At the same time, traders recently forecast less than 4 interest rate cuts for the whole year. In fact, the latest pricing in the interest rate market currently suggests that the Fed has only about 50% chance of cutting interest rates 4 times this year — reminder, in mid-January (a month ago), the market also once estimated that the Fed would cut interest rates by 170 basis points (6 times by 25 basis points) in 2024, but now it is only half of this figure. Interest rate market pricing is indefinitely moving closer to the three annual interest rate cuts estimated by the Federal Reserve in December.
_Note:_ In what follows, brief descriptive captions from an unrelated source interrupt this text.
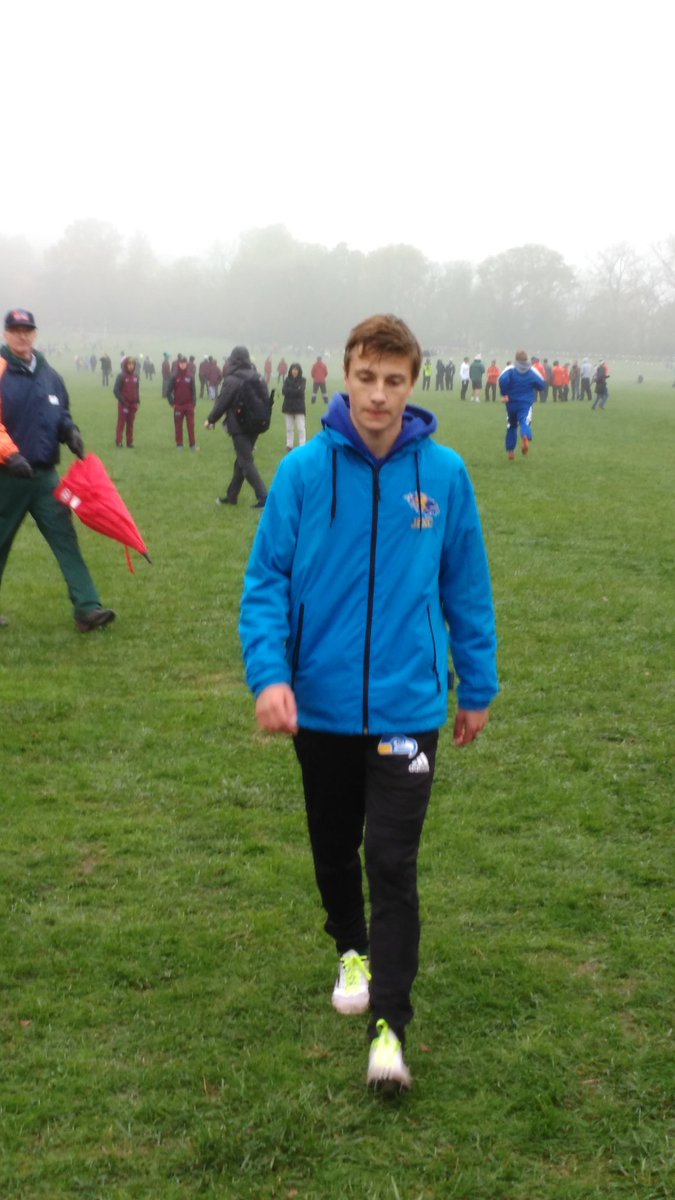 Game face. 1A boys race in 15 min. Tim bertulis is ready. JBXC spirit.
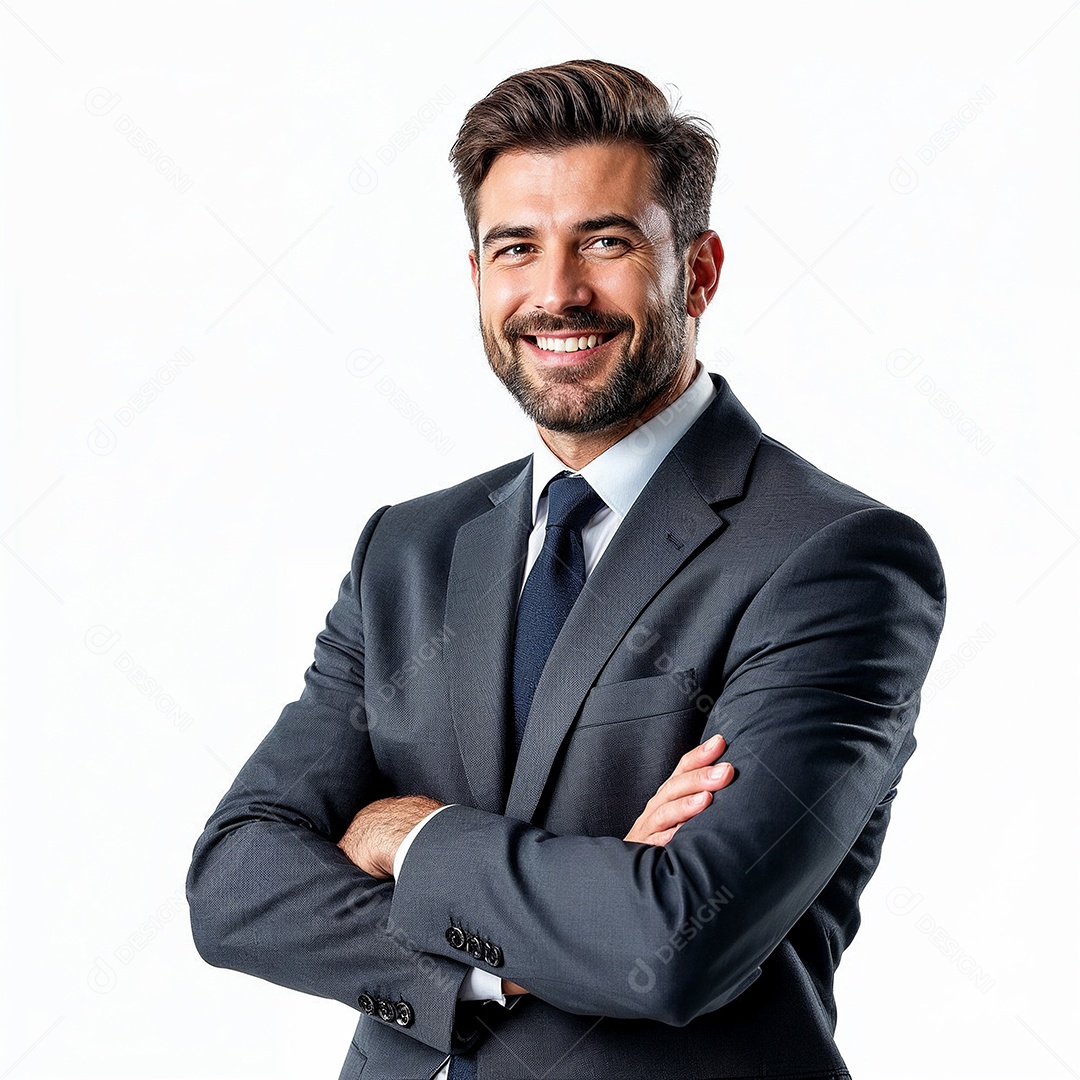 Um retrato de um empresário feliz com os braços cruzados em fundo branco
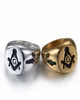 18k Gold Plating Unique Design Ring 316 Rostfritt stål Men039S Ring Mason Jewel -artiklar Masonic Regalia Rings med Red Stone1574262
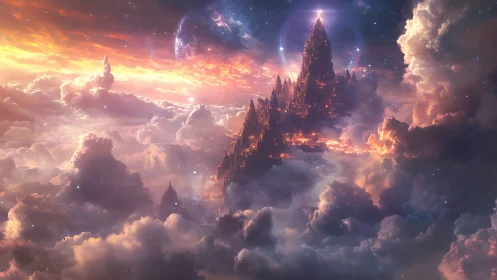 Celestial citadel rising through luminous storm clouds.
Regarding the CPI data, industry analyst Ira Jersey said, “The first reaction of the market was to expect the possibility of interest rate cuts in May not exceed 50%, because overall and core CPI exceeded expectations. It is not surprising that the US Treasury yield curve is flattening. We still believe that the 2-year/10-year Treasury yield curve may remain inverted until the Federal Reserve actually starts cutting interest rates.”

Looking ahead to the future market, NATAlliance Securities strategist Andrew Brenner predicts that the market is expected to fluctuate more during the rest of the week, “because bears are gaining the upper hand, and the bulls are still resisting.”

“Torsten Slok of Apollo Global Management (Apollo Global Management) said, “It's still too early to announce victory over inflation. Maybe this 'last mile' is actually more difficult.”

edit/emily

The translation is provided by third-party software.